Inside, sheltered from a downpour that never materialises, the guests watch Before Midnight, a new film from the American director Richard Linklater. Julie Delpy and Ethan Hawke play Celine and Jesse, rattling through Greece on their way to a showdown. The route leads us past amber ruins, slowly baking in the summer sun, and into lonesome chapels where the eyes of the saints have long since been scratched out. Celine and Jesse love each other and that should be enough. But their life together has grown hobbled, scratchy and fraught with challenge. In the end they are something of a mess themselves.
Before Midnight is Linklater’s third film about Celine and Jesse (his fourth if you count their woozy cameo in 2001’s animated Waking Life. We saw them first as footloose inter-railers, skipping through Vienna in 1995’s Before Sunrise; jousting and flirting, their whole lives up ahead. In 2004’s Before Sunset we found them in Paris, recast as pensive thirtysomethings, desperate to rekindle an old flame. This time, after the customary nine-year gap, they have moved on again, ostensibly united yet still in search of a happy ending.

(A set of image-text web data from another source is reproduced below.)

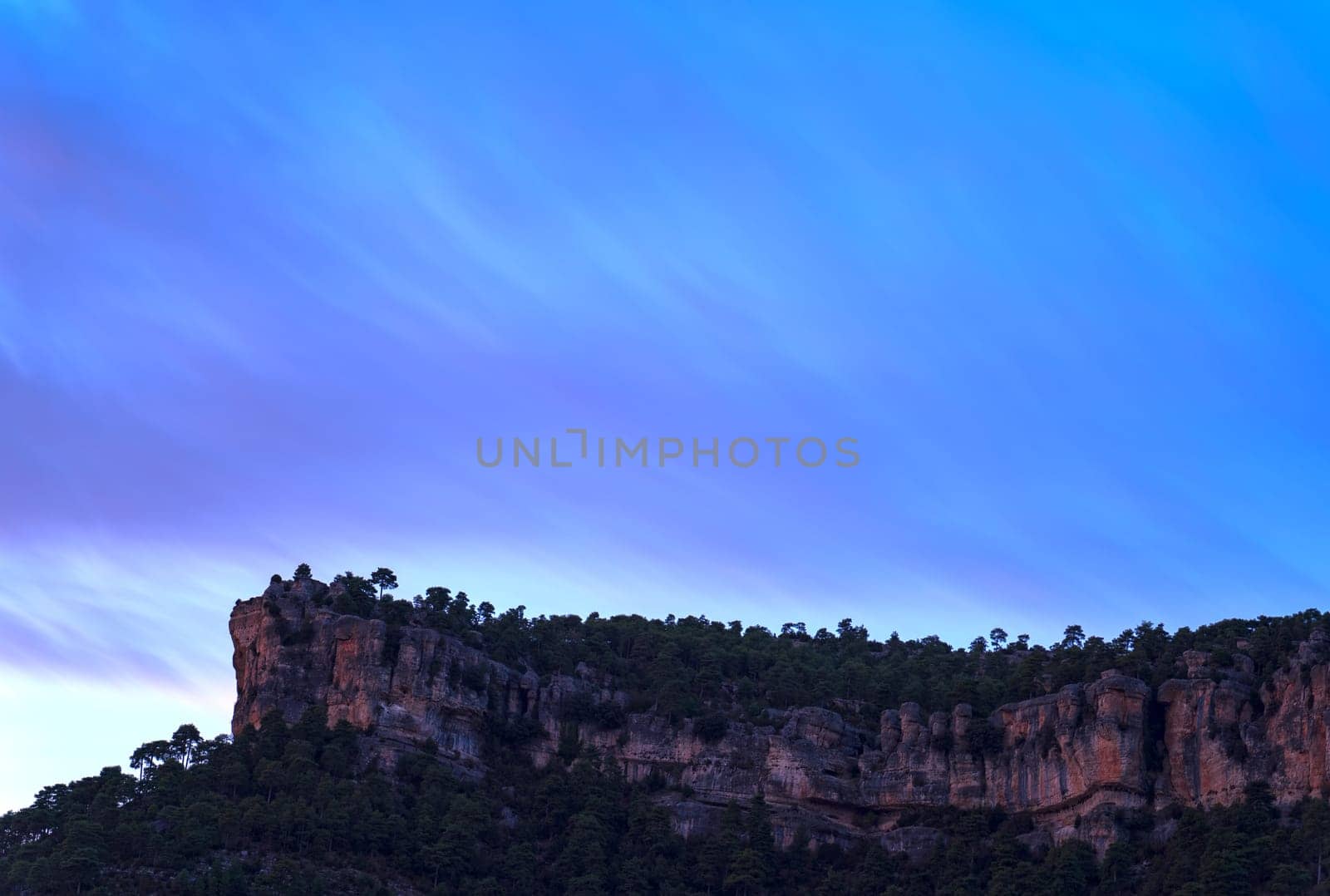 Tranquil landscape featuring a jagged cliff beneath a sky with striking blue and purple streaks.
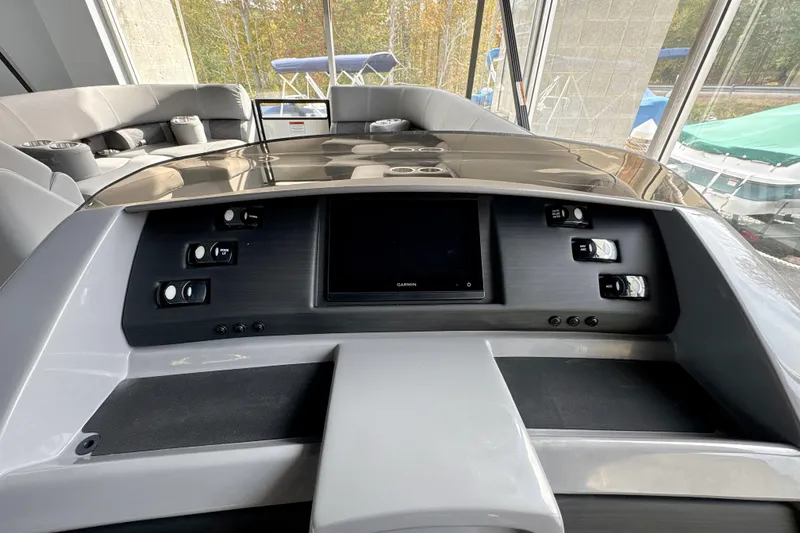 Slide: The Image of 2026 Bennington 24 LSB boat dashboard with modern controls and touchscreen display. - 4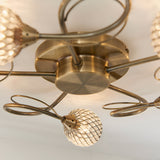 Close-up of the Endon Harcourt 5 Light Semi-Flush Ceiling Light in antique brass, showing curled arms and beaded glass globe shades.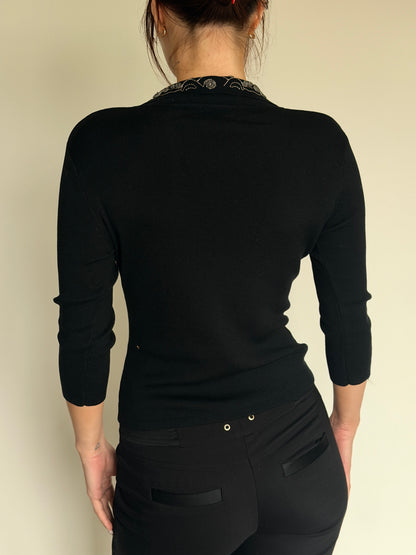 Person wearing a black long-sleeve top and black pants against a beige background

“The dynamic of the first two films was pretty similar,” Delpy tells me. “It was about connecting and then reconnecting. This one is different in that it concerns the problems that stem from being connected. It’s about being tethered, feeling trapped.”
Hawke takes a more charitable view. “The first film is about what could be,” he explains. “The second is about what should have been. Before Midnight is about what it is.”